Approved by the Energy, Environment and Water Policy Committee on March 31, 2011
Approved by the Public Policy Committee on May 13, 2011
Adopted by the Board of Direction on July 30, 2011
The American Society of Civil Engineers (ASCE) supports the enactment of federal and state legislation and regulations to protect the health and welfare of citizens from the catastrophic effects of levee failures. Congress should enact legislation to establish a national levee safety program that is modeled on the successful National Dam Safety Program. The federal government must accept the responsibility for the safety of all federally funded and regulated levees. Similarly, state governments must enact legislation authorizing an appropriate entity to undertake a program of levee safety for non-federal levees. The act should require the federal and state governments to conduct mandatory safety inspections for all levees and establish a national inventory of levees. The National Flood Insurance Program should map all areas potentially flooded by a levee breach and identify these as special flood areas to better communicate risks and encourage affected property owners to seek appropriate protection.

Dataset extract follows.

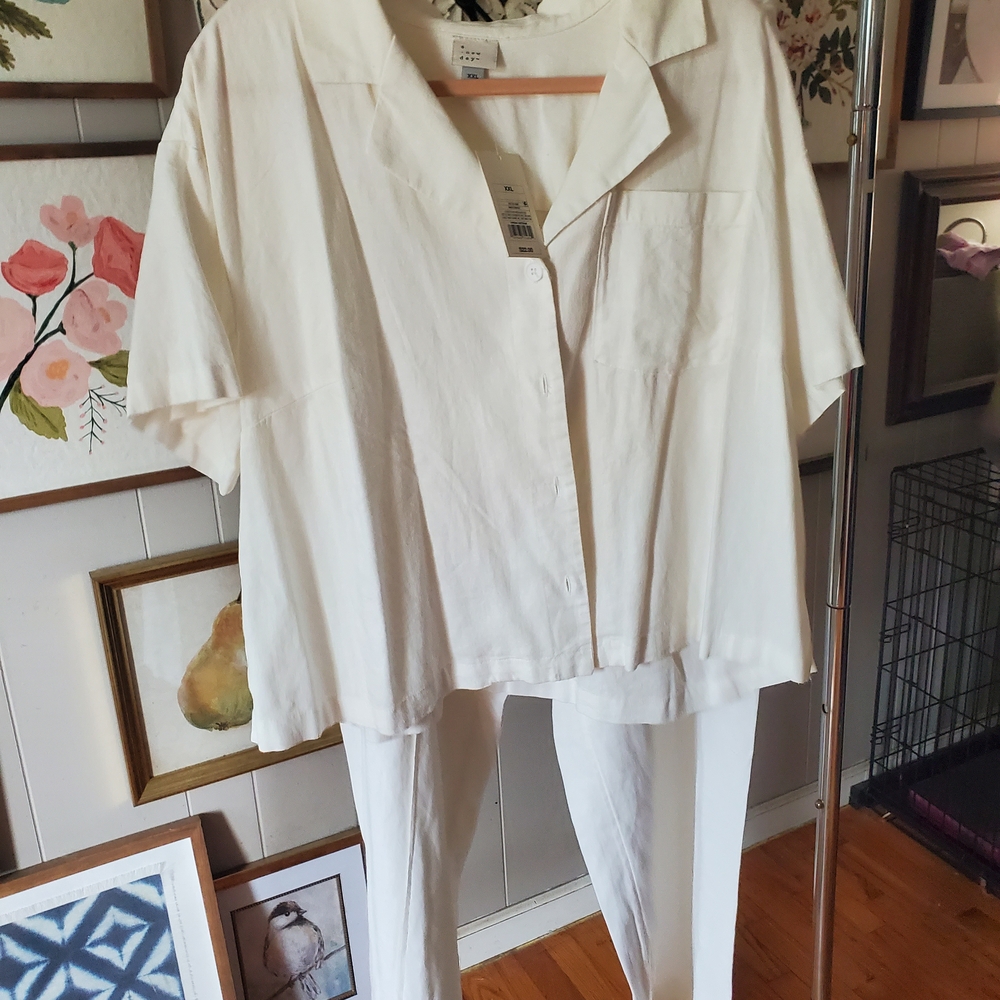 a new day Cream Pantsuit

There is no national safety program for federal or state levees. Many privately built levees are deeded to local governments or associations who do not maintain them or even recognize the risks. There is no dependable catalog of the location, ownership, condition, or hazard potential of levees in the United States. Flooding from Hurricane Katrina, which devastated the city of New Orleans in August 2005, demonstrated the need for consistent, up-to-date standards for levees based upon reliable engineering data on their location, function, and condition.
The nation must use all the tools available to reduce damages from hurricanes and major storms. This means the use of structural methods, such as levees, floodwalls, and dams, but also non-structural approaches, such as flood-resistant design, voluntary relocation of homes and businesses from flood-prone areas, the revitalization of wetlands for storage, and the use of natural barriers to storm surges.